The group pushing the initiative is Citizens for Energy Choice (CFEC). Alex Patton, the chairman of CFEC, told Florida Daily that “Floridians clearly want choice and competition.”
Patton said that, if the amendment is passed, Floridians served by investor-owned utilities would be given the right to choose their own electricity providers and even generate and sell electricity from renewable sources. Utilities would continue to use the existing infrastructure for delivering electricity. They would also be responsible for updating and maintaining the electrical grid.
CFEC decided to champion the amendment in Florida after seeing the success a similar proposal had in Texas. Patton pointed to the successful electricity choice market implemented in Texas in 2002 as a major inspiration for the proposed amendment in Florida.
Patton says, if the amendment passes, it would offer savings for Florida consumers, citing a 2017 report by the Perryman Group which estimated residents of the state could save as much as $7.5 billion annually.

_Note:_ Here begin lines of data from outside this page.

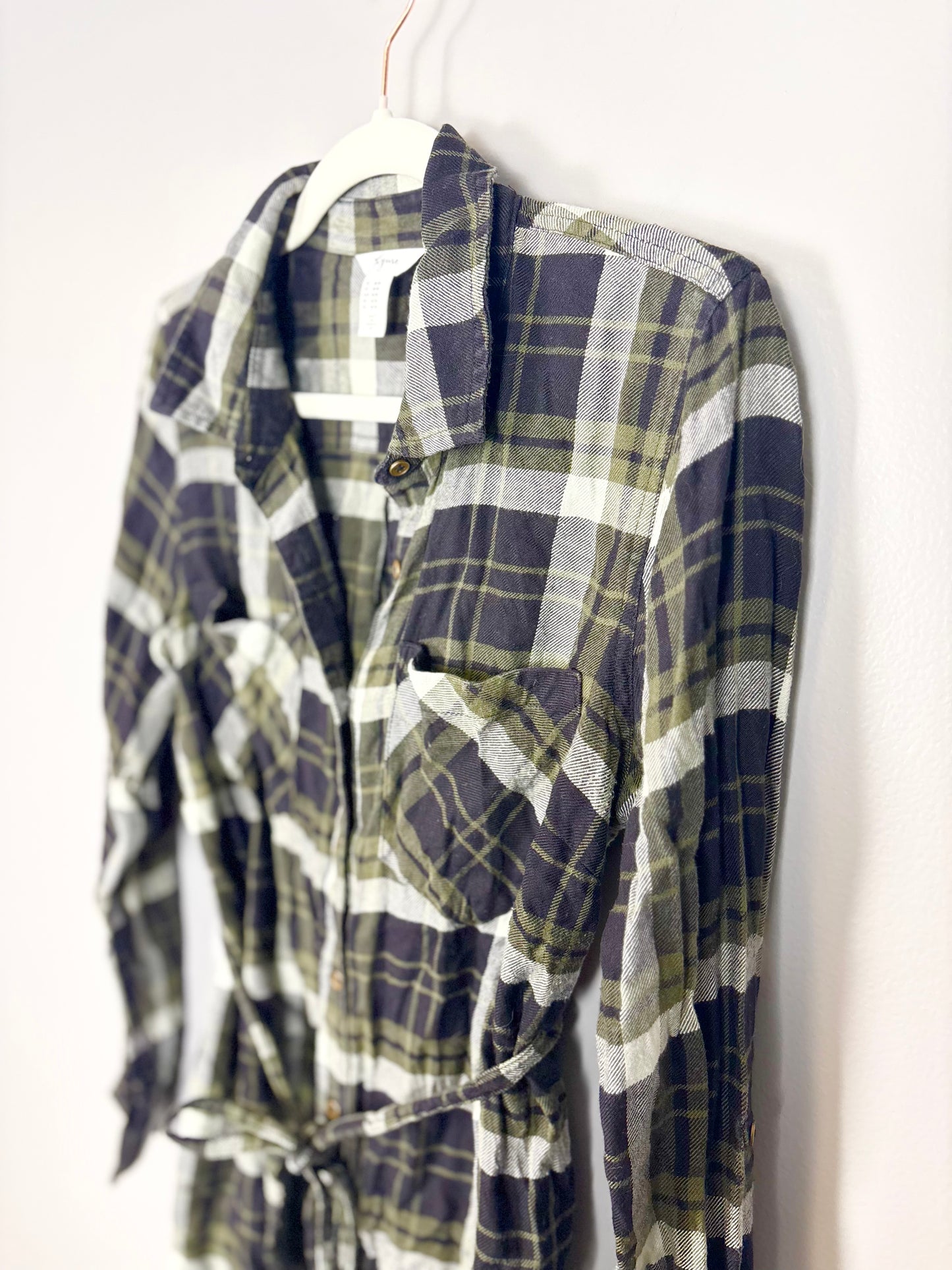 M - Thyme Olive Green & Black Plaid Blouse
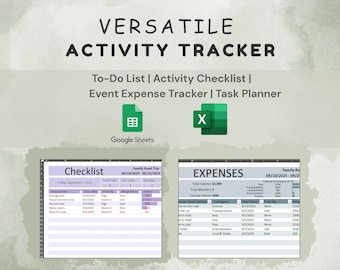 Activity Tracker: Tasks Planner Template for Google Sheets and Excel | Versatile To-Do Checklist & Expense Tracker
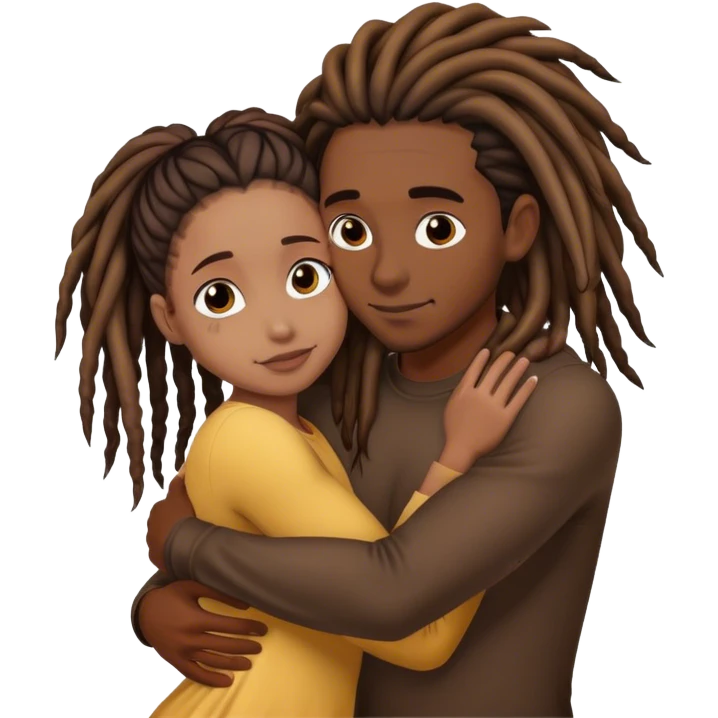 Black dreadhead with a brown girl hugging emoji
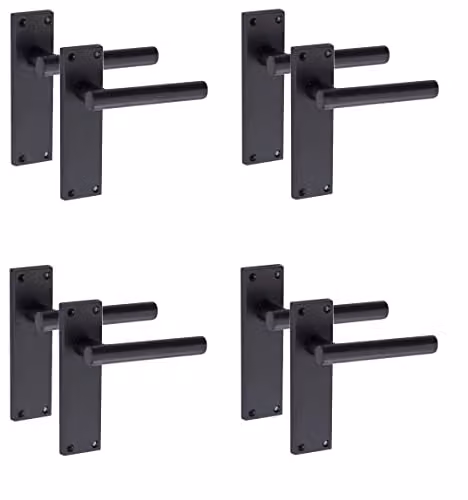 Golden Grace Modern T-Bar Lever Latch Door Handle with Plate, Matt Black, 4 Pairs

CFEC noted Florida has the second-highest electricity usage in the country, ensuring homes and businesses consider power a major expense so it can be a major expense. Of the seven most populous states, Florida is the only one that doesn’t allow consumers to choose their own electricity providers. Supporters of the amendment say, at the very least, it will save Floridians more than $5 billion each year and keep the Sunshine State competitive when compared to other large states.
Supporters of the proposal expect utility companies–many of which are monopolies–to try and squash the amendment. Backers of the amendment, including CFEC, insist more choices in Florida’s electricity market will lead to lower electricity bills, new permanent jobs and an increase in renewable energy options.
“Grants customers of investor-owned utilities the right to choose their electricity provider and to generate and sell electricity,” the proposed ballot summary reads. “Requires the Legislature to adopt laws providing for competitive wholesale and retail markets for electricity generation and supply, and consumer protections, by June 1, 2025, and repeals inconsistent statutes, regulations, and orders. Limits investor-owned utilities to construction, operation, and repair of electrical transmission and distribution systems. Municipal and cooperative utilities may opt into competitive markets.”
If the proposed amendment makes the 2020 ballot, it will need 60 percent of voters to back it to be added to the Florida Constitution.